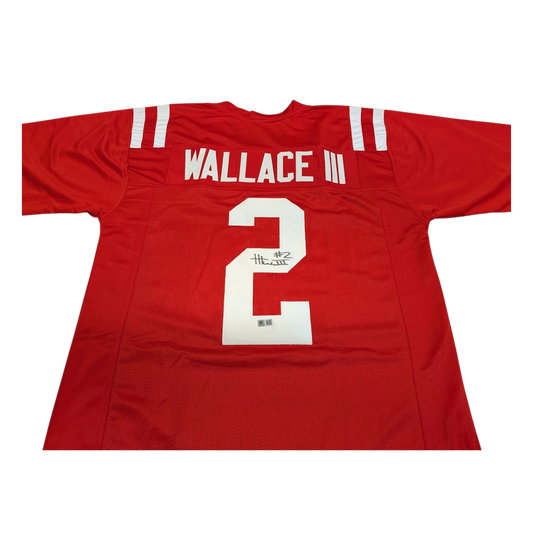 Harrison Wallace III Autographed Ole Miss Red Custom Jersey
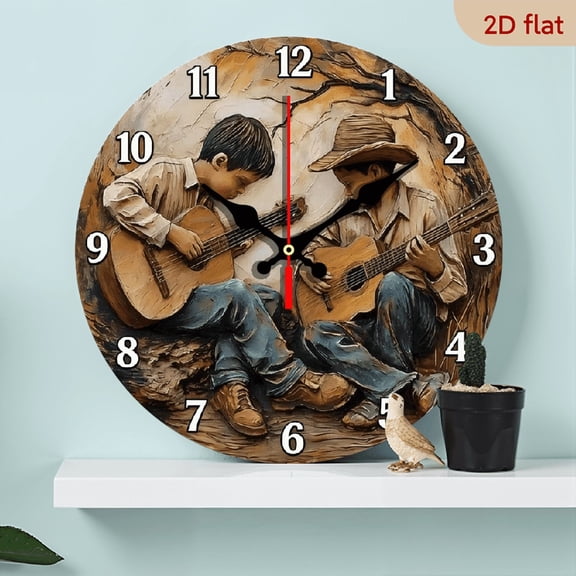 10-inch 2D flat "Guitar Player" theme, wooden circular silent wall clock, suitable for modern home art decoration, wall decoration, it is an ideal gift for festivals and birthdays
==
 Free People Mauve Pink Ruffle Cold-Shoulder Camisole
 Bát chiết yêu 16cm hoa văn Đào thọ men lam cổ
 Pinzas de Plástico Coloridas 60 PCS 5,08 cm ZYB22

Exercise prompt: Starting with the line that holds "Free People Mauve" and ending with the line that holds "Pinzas de Plástico", retype every line in the data above exactly, and nothing else.

Task result:
 Free People Mauve Pink Ruffle Cold-Shoulder Camisole
 Bát chiết yêu 16cm hoa văn Đào thọ men lam cổ
 Pinzas de Plástico Coloridas 60 PCS 5,08 cm ZYB22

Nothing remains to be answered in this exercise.